お見合いだけど、恋することからはじめよう
「さてと。邪魔者は去ったし……堅苦しいのは、ここまでにしよう」
それまでとはがらっと違う口調で、田中さんは告げた。神経質そうな表情が、急激に和らいだ。
「このまま、ここで話をしてもいいけど、外に出ようか?もう腹はいっぱいだろ?このまま死んじまっても悔いはない、ってくらい美味そうな顔して全部平らげてたもんな。
……おかげで話しかける隙もなかったよ」
いたずらっ子のように、にやり、と笑う。
……げっ、食い意地の張った子だと思われた?
「あ、あのっ……」
田中さんのリムレスの眼鏡の奥にある、切れ長の目と合う。その目は不思議と冷たい感じはしなかった。
じっ、と見つめられる。
「美味そうにぱくぱく食べる子は、見ていて気持ちいいね。毎日、食卓を囲むのが楽しそうだ。

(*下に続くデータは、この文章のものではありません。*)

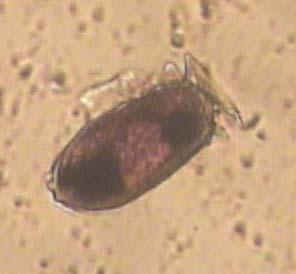 Fig. 24. Dinophysis sacculus. Tab. 9.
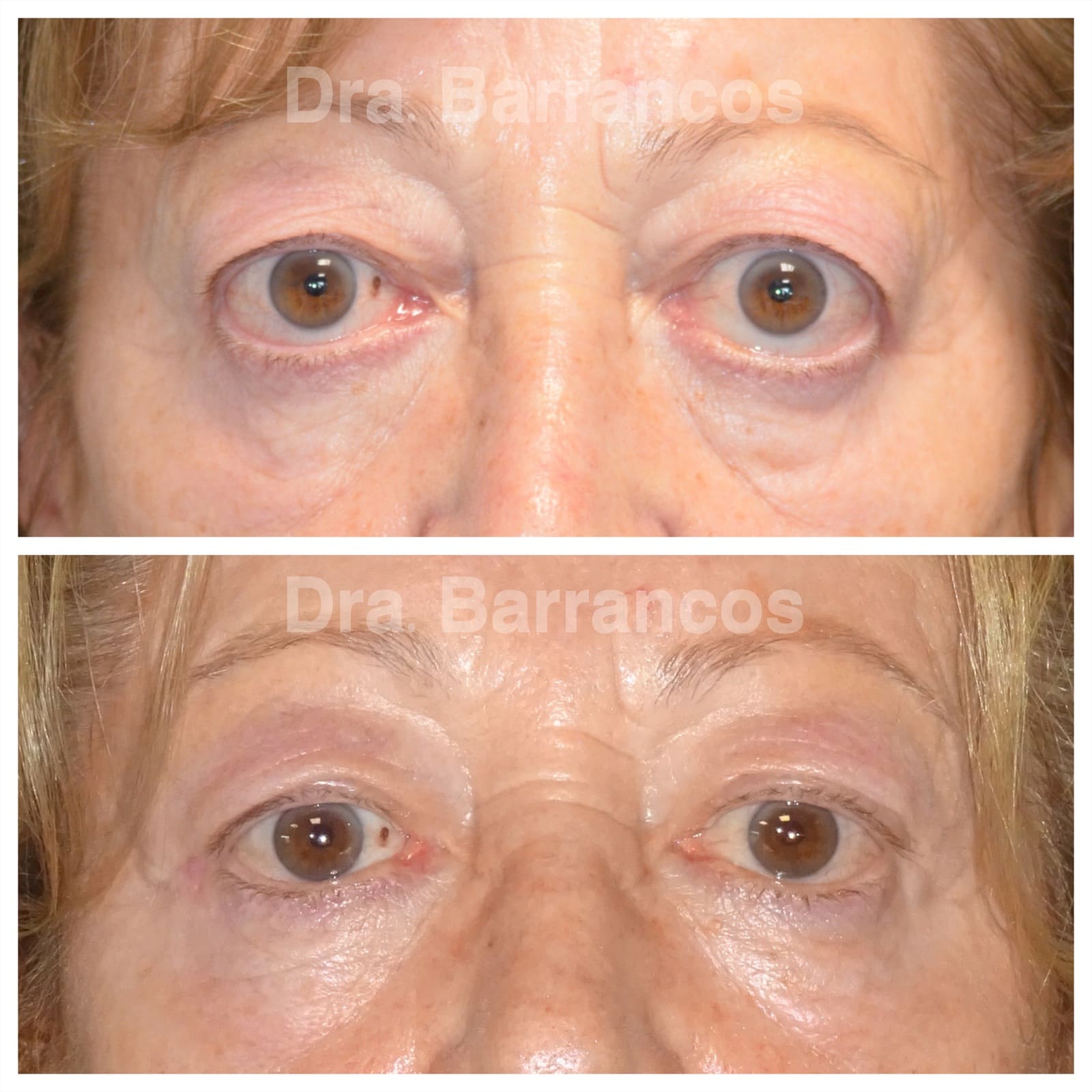 Orbital decompression and eyelid surgery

それに、好き嫌いがないというのはいいことだよ。人間関係においても共通するらしいよ」
確かに、あたしにはこれといった苦手な食べ物はない。そして、人とのつき合いに関しても、今までさほど苦労したことがない。
あの、厄介だった「大橋さん」であるところの誠子さんですら、最近では普通につき合えるようになってきたもんなぁ。
彩乃さんが来てくれたおかげもあるけれど。